Feel
The Beat : A Boshian
Peak Oil Canvas
By Bill Henderson
05 August, 2006
Countercurrents.org
"As the authors
of THE LIMITS TO GROWTH so plainly said three decades ago, exponential
growth rates can be very powerful. They can create growth curves which
suddenly mushroom, as 3% increments of small numbers suddenly become
a 3% increase of a much larger base. This mushroom growth can quickly
become almost overwhelming until powerful forces of physical limits,
the finally unseen consequences of such growth rates, suddenly appear
"out of nowhere", bring these trends to an abrupt halt."
Matthew Simmons Revisiting
The Limits To Growth
With
billions now contemplating the imminent peak of oil production and the
consequent peak of that spike of human population we are all a part
of, each day brings a wider, deeper understanding of what life at the
peak means. But the incredible energy, the pace and momentum, the creative/destructive
power of this moment of maximum human power is water to fish underappreciated.
Feel the pulse; feel the
beat. Never been more blood pumping. Never been anything more alive.
In each of these last years
before oil production inevitably drops, we are using more oil (and coal,
natural gas and other forms of energy) than humanity has ever used before.
Over 80 million barrels per day (mbd). More oil in 2006 than the total
amount the world used before 1960. Each year.
Our ability to multiply our
anthropogenic powers utilizing these energy sources ever more efficiently
allows us to clear more land and plant more crops, cut down more forests,
drain or fill more swamps and estuaries; mine more materials, hunt,
fish or gather; manufacture and otherwise transport and supply more
product; build more buildings, complexes, cities, on more converted
land (sprawling further, reaching higher into the heavens, packing ever
more dense populations) and otherwise redesign Earth for human use more
completely than ever before. We have never even come close to having
this much capacity to consume nature. Relentlessly, year by year, at
strenuous pace, effecting almost every ecosystem on the planet.
Each year of record production
and use of energy - ....2004, 2005, 2006, ....to somewhere near a 92-94
mbd peak in around 2010 in Chris Skrebowski's most informed prediction
- also helps to exponentially increase our scientific understanding
of creation and our place within; helps to fuel the most fiction written;
the most music written, preformed and recorded; the most plays or dance
preformed; the most works of art and architecture painted, sculpted,
conceived and executed; THE MOST REALITY TV SHOWS EVER and the most
introspection of our human soul and place in creation ever attempted.

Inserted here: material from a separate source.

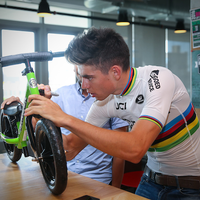 Wereldkampioen van Aert bezoekt Sram en Zipp in Amerika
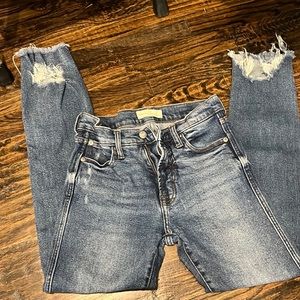 Gap High Rise Slim Straight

Year after year with awesome intensity we race toward ever more complex
understanding of what life is.
Like the best party ever,
at the peak there are more people feverishly talking and dancing, swiving
and praying, prancing and doing deals, eating and drinking, people watching
and acting bored, whooping it up or paralyzed with fear, loving and
grooming, hating and fighting, catering and cleaning up, puking and
peeing, in ecstasy or in contemplation, in pleasure or in pain, more
people more alive than ever before and maybe more people at a party
than there will ever be again.
Try talking oil depletion
protocol or contraction-convergence or biodiversity protection or runaway
global warming at this party. Might as well try reading a holy book
in the crowd at an entertainment lollapalooza of Olympic proportion.
Might as well try and change
the music just as the terrorists on the 93rd floor try and get their
15 seconds worth of attention for kosher meat (That is their concern?

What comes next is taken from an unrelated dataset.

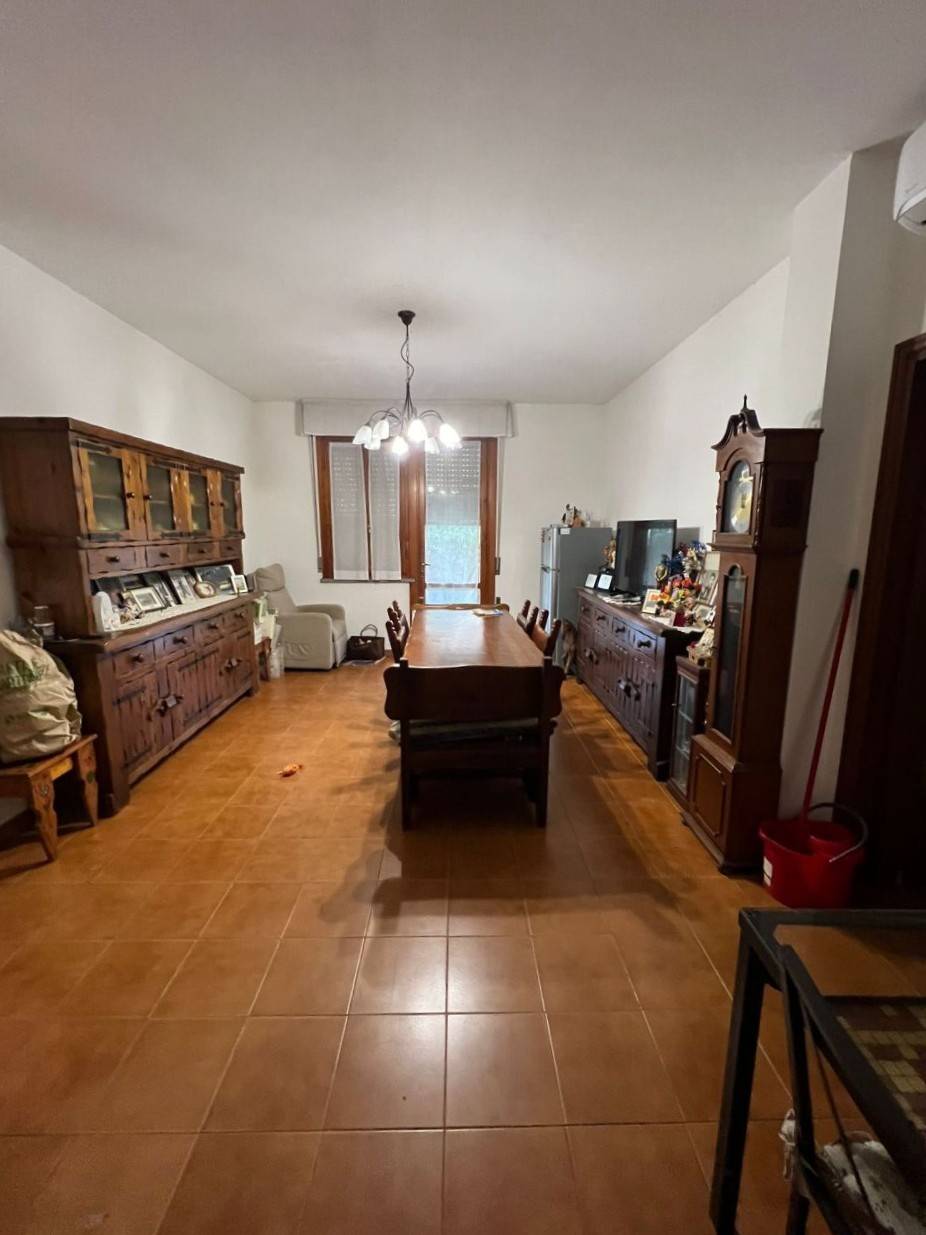 Appartamento piano terra in vendita a Viareggio, Terminetto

the 93rd story terrorists particular concern isn't it? What I can't
hear you? What? Oh, forget it.). While an untold number of Virginians
await their partners returning to the party from war against the neo-bonobos
(if they can ever find their cars in the chaos in the parking lot).
While movers and shakers play simcity with the lives of millions, soon
to be billions at the party through the live simulcast at every theatre,
sportsbar and church hall on this the best SuperSaturday till next week.
Soldiers shooting; battleships cruising; the great satan invisible high
overhead in apocalyptical vigilance.
Well I hope you get my drift
anyway. Never have we been more alive.
The crescendo reminds me
of Mickey Mouse as the sorcerer's apprentice; our god made mouse, the
personalization of our quest with fossil fuels. There is water everywhere.
But what happens over the peak? Does Mickey drown? Does the castle just
burst? Do the brooms run out of water? Is the sorcerer still in the
building? Do we powerdown or come apart at the seams? Wake up tomorrow
with a variety of hangovers?
I guess we'll just have to
wait and see. But right now we might as well enjoy the party - with
as small a consumption footprint as possible. Watch out for the brooms
and water, the neocons and WW3; know where the exits are and have a
plan. But have fun enjoying the best party of a humantime.